TASK BRIEF:
Which of the lines below mention the word "Soft"? Pull each one out.
------------------------------------
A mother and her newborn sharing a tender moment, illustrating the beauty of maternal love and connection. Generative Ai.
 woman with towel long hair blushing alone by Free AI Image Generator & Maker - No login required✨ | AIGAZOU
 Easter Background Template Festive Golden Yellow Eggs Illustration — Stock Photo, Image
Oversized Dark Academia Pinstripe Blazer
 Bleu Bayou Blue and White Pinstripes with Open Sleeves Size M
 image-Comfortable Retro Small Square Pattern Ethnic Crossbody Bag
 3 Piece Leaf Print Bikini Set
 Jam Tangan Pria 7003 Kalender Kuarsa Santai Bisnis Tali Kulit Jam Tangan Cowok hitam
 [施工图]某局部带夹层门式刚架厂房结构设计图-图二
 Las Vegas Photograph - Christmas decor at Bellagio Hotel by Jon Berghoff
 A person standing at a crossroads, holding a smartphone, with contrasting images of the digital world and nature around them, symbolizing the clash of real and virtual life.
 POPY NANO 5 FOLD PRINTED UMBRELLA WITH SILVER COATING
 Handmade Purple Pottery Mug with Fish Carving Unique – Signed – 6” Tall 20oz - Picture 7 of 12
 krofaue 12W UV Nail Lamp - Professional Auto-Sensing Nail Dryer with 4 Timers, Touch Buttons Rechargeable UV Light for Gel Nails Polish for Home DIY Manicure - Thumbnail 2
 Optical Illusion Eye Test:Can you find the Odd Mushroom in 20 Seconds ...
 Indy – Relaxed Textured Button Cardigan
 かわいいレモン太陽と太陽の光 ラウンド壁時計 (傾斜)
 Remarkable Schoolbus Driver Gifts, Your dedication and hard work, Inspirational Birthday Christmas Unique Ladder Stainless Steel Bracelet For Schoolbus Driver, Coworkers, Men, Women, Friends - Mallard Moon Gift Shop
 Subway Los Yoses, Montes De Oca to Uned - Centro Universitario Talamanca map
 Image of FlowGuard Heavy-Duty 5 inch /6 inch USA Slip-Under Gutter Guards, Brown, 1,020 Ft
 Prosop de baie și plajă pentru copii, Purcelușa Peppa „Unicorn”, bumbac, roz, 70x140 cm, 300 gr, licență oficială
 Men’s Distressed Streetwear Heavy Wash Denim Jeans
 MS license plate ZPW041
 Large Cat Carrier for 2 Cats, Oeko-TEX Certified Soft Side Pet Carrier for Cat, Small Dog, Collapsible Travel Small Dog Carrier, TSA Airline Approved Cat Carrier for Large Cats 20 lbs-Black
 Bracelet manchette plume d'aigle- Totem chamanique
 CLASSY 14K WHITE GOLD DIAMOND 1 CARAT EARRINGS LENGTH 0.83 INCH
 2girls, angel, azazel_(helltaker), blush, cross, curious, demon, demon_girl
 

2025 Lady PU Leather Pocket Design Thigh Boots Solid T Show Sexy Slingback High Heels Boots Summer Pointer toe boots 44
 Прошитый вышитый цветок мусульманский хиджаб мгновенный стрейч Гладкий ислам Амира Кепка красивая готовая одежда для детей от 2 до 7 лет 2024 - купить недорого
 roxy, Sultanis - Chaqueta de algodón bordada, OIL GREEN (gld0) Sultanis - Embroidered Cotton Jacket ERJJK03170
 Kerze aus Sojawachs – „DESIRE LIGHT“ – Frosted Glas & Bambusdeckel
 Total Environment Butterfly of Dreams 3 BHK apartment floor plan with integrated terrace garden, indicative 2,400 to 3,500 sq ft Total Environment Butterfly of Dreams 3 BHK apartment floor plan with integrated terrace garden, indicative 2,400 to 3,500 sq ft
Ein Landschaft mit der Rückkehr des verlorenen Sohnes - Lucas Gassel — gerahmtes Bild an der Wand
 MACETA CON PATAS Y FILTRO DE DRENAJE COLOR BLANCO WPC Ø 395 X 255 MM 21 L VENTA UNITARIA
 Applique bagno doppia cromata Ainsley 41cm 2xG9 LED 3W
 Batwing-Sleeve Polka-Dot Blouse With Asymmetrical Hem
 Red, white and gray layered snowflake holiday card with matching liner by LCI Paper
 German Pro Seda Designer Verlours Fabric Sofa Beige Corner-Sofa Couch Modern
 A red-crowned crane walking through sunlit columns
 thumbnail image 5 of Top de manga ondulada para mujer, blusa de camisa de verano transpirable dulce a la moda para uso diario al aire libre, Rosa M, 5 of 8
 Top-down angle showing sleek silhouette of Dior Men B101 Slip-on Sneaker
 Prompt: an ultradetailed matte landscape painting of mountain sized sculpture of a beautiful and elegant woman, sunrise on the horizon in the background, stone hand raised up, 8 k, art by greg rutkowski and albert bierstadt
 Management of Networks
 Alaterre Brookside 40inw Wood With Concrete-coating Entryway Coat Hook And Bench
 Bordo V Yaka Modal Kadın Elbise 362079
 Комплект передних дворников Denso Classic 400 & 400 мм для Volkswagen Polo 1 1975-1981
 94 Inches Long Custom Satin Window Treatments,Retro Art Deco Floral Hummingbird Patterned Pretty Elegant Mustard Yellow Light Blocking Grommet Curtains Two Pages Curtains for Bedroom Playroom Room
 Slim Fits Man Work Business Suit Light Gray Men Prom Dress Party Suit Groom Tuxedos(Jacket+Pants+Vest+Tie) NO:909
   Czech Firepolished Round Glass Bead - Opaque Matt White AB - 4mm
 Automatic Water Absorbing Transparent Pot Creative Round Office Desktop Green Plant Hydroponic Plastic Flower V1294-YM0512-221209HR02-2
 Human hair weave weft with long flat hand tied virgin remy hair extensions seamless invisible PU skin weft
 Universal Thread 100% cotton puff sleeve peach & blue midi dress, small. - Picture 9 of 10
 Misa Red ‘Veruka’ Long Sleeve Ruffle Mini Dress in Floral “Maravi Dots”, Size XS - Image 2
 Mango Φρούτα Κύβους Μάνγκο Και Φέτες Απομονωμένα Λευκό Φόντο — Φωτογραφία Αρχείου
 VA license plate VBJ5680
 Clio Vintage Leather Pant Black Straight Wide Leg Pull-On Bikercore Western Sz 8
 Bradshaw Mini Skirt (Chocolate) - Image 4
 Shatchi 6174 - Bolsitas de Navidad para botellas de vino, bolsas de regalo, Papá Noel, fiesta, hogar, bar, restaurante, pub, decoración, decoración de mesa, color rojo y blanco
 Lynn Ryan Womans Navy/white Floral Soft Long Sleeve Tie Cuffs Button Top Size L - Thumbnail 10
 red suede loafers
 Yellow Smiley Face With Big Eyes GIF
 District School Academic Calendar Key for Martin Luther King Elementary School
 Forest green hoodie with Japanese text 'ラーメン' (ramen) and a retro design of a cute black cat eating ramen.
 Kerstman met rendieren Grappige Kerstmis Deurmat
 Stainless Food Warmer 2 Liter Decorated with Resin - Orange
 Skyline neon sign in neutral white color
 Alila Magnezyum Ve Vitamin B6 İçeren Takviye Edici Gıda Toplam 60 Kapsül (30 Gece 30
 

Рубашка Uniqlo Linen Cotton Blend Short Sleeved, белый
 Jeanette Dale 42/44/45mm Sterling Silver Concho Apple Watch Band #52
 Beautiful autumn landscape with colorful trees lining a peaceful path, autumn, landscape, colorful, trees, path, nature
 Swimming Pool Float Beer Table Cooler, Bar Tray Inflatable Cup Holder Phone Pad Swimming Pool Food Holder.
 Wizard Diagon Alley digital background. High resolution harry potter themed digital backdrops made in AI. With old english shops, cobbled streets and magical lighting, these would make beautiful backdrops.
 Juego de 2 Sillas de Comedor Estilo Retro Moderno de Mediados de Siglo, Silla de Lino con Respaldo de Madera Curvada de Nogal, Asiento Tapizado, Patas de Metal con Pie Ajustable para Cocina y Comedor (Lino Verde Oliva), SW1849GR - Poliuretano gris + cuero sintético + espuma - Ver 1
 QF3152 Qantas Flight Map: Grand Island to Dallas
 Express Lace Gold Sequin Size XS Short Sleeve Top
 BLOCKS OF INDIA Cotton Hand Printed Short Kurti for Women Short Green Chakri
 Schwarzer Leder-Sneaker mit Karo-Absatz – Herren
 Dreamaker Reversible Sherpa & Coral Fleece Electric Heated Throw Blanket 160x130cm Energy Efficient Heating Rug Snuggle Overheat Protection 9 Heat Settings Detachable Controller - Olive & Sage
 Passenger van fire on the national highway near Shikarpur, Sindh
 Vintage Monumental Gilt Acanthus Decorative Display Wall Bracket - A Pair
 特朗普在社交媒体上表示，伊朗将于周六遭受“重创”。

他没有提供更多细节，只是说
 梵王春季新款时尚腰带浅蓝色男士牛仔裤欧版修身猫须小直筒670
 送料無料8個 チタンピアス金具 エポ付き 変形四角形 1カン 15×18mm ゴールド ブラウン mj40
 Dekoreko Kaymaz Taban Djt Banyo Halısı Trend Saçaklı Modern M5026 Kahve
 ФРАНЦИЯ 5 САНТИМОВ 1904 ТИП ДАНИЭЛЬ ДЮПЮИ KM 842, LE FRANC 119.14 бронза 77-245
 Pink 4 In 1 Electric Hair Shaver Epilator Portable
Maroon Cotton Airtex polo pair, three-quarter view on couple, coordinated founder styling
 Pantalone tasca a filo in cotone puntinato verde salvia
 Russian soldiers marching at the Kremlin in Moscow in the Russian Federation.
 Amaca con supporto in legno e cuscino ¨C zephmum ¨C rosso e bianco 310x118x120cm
------------------------------------
SOLUTION TO THIS TASK:
 Large Cat Carrier for 2 Cats, Oeko-TEX Certified Soft Side Pet Carrier for Cat, Small Dog, Collapsible Travel Small Dog Carrier, TSA Airline Approved Cat Carrier for Large Cats 20 lbs-Black
 Lynn Ryan Womans Navy/white Floral Soft Long Sleeve Tie Cuffs Button Top Size L - Thumbnail 10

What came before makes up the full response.